NewsFlash Articles Data Fundraising Skill&API

How Codex Uses a Computer? Three Entry Points and Permission Boundaries

Read this article in 21 Minutes

The key is not to give AI more authority, but to ensure it chooses the right boundaries of action

Original Title: Three Ways Codex Can Use a Computer
Original Author: jason
Translation: Peggy, BlockBeats

Editor's Note: This article explores three entry points through which Codex interacts with the external environment: Computer Use, Chrome Extension, and In-App Browser. Although all three appear to address the issue of "enabling Codex to use a computer," they correspond to different task scenarios, permission boundaries, and levels of trust.

Among these, Computer Use has the broadest coverage, allowing direct interaction with authorized native applications, system settings on macOS / Windows, iOS simulation, and even cross-application workflows.
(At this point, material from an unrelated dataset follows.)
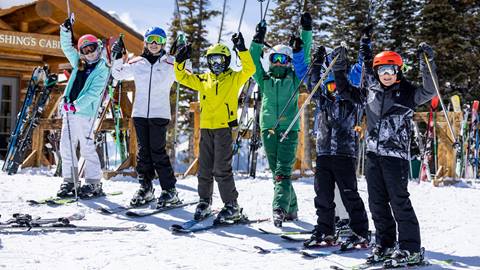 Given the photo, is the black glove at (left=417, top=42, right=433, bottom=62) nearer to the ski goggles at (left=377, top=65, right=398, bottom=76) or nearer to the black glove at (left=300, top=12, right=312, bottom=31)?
the ski goggles at (left=377, top=65, right=398, bottom=76)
It is suitable for processes with a GUI that lack API, plugins, or structured tool support. However, the trade-off is slower speed and the widest permission boundaries. Chrome Extension is suitable for tasks relying on login state, cookies, multiple tabs, and browser identity, such as Gmail, LinkedIn, Salesforce, internal backends, or cross-site logged-in research. The In-App Browser leans more towards development and debugging scenarios, particularly suitable for local services, visual bugs, responsive layouts, and design annotations. It does not inherit the user's normal browser login status, has narrower capabilities, but offers stronger isolation.

The crux of the article is that Codex does not have just one way to "use a computer." What truly matters is selecting the narrowest, most secure, and most structured operational interface based on the task at hand. If a plugin or MCP can be used, visual control should not be the first resort. For tasks involving only web development, the In-App Browser should be prioritized. When requiring user browser identity and login state, then Chrome should be used. Only when structured tools cannot cover the task, and the task must rely on a desktop GUI, should Computer Use be the final mile.
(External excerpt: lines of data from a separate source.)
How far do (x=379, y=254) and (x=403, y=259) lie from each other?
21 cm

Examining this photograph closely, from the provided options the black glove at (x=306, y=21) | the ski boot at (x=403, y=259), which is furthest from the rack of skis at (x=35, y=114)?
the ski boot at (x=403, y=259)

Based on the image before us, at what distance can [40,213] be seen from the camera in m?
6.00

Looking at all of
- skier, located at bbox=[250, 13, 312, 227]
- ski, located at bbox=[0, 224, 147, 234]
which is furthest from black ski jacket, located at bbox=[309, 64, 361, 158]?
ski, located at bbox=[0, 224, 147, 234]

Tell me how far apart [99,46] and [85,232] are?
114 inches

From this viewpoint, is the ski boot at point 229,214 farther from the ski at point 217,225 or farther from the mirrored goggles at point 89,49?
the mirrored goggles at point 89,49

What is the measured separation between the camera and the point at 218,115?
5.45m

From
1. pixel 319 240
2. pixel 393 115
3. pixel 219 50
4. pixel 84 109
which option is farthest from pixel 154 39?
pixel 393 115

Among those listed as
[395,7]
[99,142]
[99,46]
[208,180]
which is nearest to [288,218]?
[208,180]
Appshots are not a fourth way to control the computer but a tool to "show Codex the current screen context." It addresses the context input issue, while Browser, Chrome, and Computer Use address the action issue. Taken together, this layered approach actually reveals a key aspect of AI Agent productization: not granting the model unlimited permissions but continually narrowing permissions, defining boundaries in specific tasks, and allowing users to retain oversight of crucial actions.

Below is the original text:

Codex has three ways to use a computer: Computer Use, Chrome Extension, and In-App Browser.

There is some overlap between them, just enough to make it easy to confuse.

By the end of this article, you will know how to install and trigger these three modes, when to use each of them, how Appshots and Developer mode bridge the gap, and what to document in AGENTS.md to guide Codex in selecting the appropriate interface.

The TL;DR is:

That said, whenever possible, it's still preferable to use a plugin or MCP. For example, the Slack plugin allows for a more precise search of a thread than clicking around in Slack; actions generated by the GitHub plugin are also easier to review than having Codex drive a web page. Visual control is best used where the capabilities of structured tools reach their limits.

Everything can be @Computer

Computer Use is the broadest coverage of the three interface modes. It enables Codex to view and interact with graphical interfaces on macOS and Windows, including windows, menus, keyboard input, and the clipboard in apps you authorize.

It is usually the slowest. Structured plugins can call APIs directly; Computer Use, on the other hand, needs to observe the interface, determine where to click, wait for the app to respond, and then check the next state. This visual loop takes time, but it also means Codex can operate on apps that have no available API.

On macOS, slowness doesn't necessarily mean it disrupts you. Computer Use can work in the background with the apps you've authorized while you continue to use other parts of your computer. Many times, I've opened an app while using Codex, only to find that Codex has quietly completed a workflow in the background.

Depending on the apps installed and authorized on your computer, the targets of these operations can include Spotify, Xcode, System Settings, iOS Simulator, or even controlling your iPhone with iPhone Mirroring. It can also switch between multiple apps and handle workflows that span across different applications.

Use it when your task relies on the following:

Native desktop apps, such as Spotify or financial apps;

iOS Simulator, iPhone Mirroring, or other processes that can only be performed through graphical interfaces;

System or app configuration;

Data source without plugins or APIs;

Workflow that requires switching between multiple apps;

Missing final step in a structured integration.

Installation: Open Codex's Settings > Computer Use, then click Install.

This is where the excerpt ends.